As part of the Scottish Government’s commitment to improving transparency of land ownership in Scotland, they have opened a public consultation on the proposed draft regulations to establish a register of persons holding a controlled interest in land in Scotland.
What does this mean?
As required by the Land Reform (Scotland) Act 2016, these new regulations (being the Land Reform (Scotland) Act 2016 (Register of Persons Holding a Controlled Interest in Land) (Scotland) Regulations 2021) propose to establish a new register of persons holding a controlled interest in land aimed at increasing public transparency in relation to the individuals who control the decision making of landowners and tenants (of registrable leases i.e. over 20 years) in Scotland. It is proposed that such a register will ensure that there can no longer be categories of owners, where, intentionally or not, control of decision making is obscured. This could include where the true owner is hidden behind corporate structures, which can sometimes be based overseas.

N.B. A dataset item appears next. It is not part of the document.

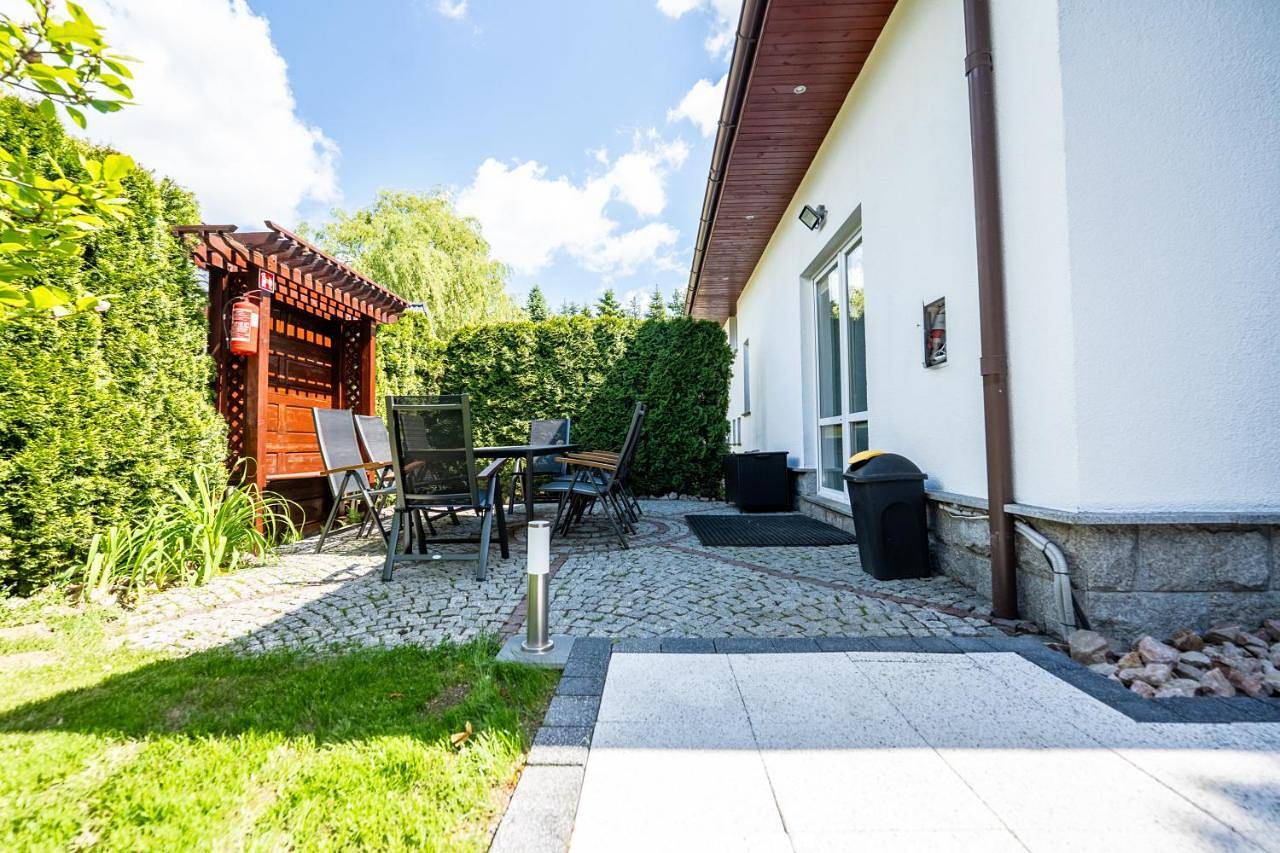 Willa u Basi 2 in Miłków, Sudety (Polska)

Alignment with South of the border
In a positive move, the Scottish Government appear to be looking to align their timetable for this new register with the UK Government’s timetable for the Register of Overseas Entities’ Beneficial Owners, which will apply to overseas companies that own land anywhere in the UK or who bid for central government procurement contracts, with the proposed commencement date being 2021. As part of the consultation the Scottish Government has emphasised the importance of the two registers complimenting each other and avoiding duplication and as a result the potential to make Scotland less attractive location for property investors.

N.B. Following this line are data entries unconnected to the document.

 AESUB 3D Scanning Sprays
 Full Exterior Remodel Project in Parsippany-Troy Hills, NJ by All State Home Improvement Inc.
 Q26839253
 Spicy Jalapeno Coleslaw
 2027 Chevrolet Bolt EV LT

What sets the two registers apart is the fact that the Scottish Register will go much further than the English equivalent, as there will be a wider ambit, and will include trusts, partnerships and “associates” who are “responsible for the general control and management” of a property. Would this be applicable to managing agents who have a similar level of control? This is still to be determined, and is a point that will likely generate some debate.
What the result of the consultation will be, and whether the proposed register will deliver the desired outcome is still to be seen, but greater transparency in terms of ownership should not be a bad thing.
The deadline for the consultation is 8 November 2018.